23 Haziran 2010 Çarşamba

Ateşe Sevdalı Pervane Böcekleri...

Okuyorum okuyorum aklım almıyor bir türlü… “Sevdası” yasaklanan 16 yaşında bir kız nasıl olur da bütün ailesini öldürebilir?
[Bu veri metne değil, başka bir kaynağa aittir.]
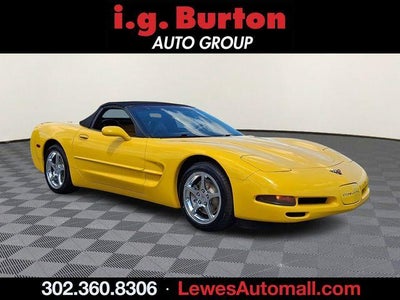 2004 Chevrolet Corvette Base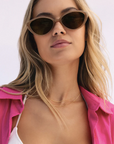 Z SUPPLY NOUVEAU SUNGLASSES - TAUPE/BROWN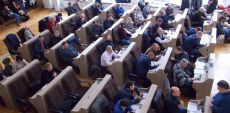 На сесії міськради Черкас депутати не подолали жодного з 8-ми вето, накладених Бондаренком на їхні рішення  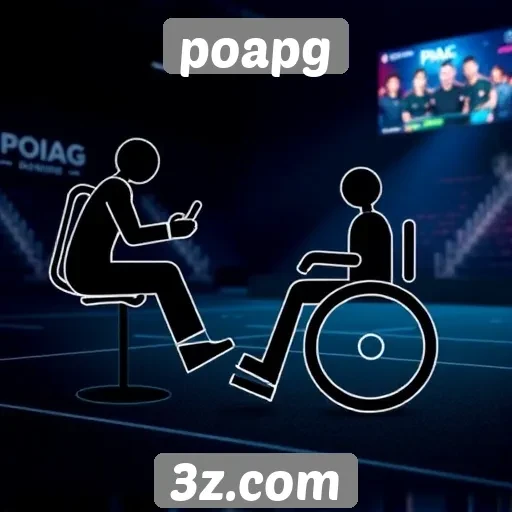 Acessibilidade no poapg para jogadores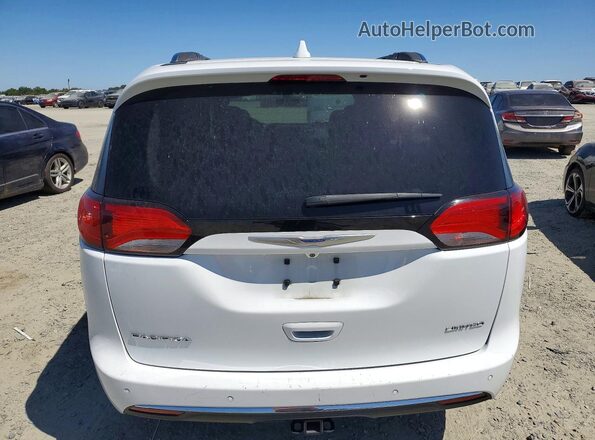 2C4RC1GG3JR352987 2018 CHRYSLER PACIFICA Белый Вид сзади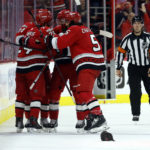 Jarvis' hat trick carries Hurricanes past Canadiens 6-2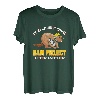 Biber Lustiges Geschenk für Handwerker Schreiner Tischler T-Shirt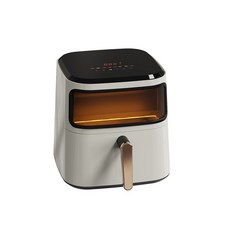 카토 스마트 시각형 대용량 에어프라이어 무유 전기 프라이어 치킨 조리 가능, 흰색, FD-1013B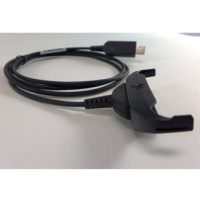 Zebra CBL-TC55-CHG1-01 mobiltelefon töltő Okostelefon Fekete USB Beltéri, Szabadtéri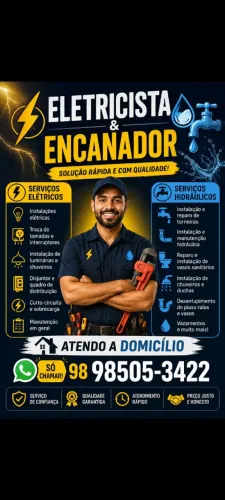 Instalação e manutenção de bombas elétricas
Nasıl bir sevda ki bu “vicdan” duygusunu yasaklı kılmış onun yüreğinde?…Gözü böylesine dönmüş?

Bizler “yasak” olana ne denli sevdalıyız…Yasağın “gizemi” ne denli çekiyor, başımızı nasıl böylesine döndürüyor?..

O nasıl bir “çekim” ki kimi zaman bir “elma” uğruna Cennet’ten kovulmak bedeli, kimi zaman “bir an” uğruna zihnimizde Cehennem ateşi yakmak…

Tüm hayatımız koyduğumuz “yasaklar” ve onu ihlal etmek için verdiğimiz “mücadeleler” ile geçiyor…

Annemize çaktırmadan terli terli soğuk suyu içiyoruz…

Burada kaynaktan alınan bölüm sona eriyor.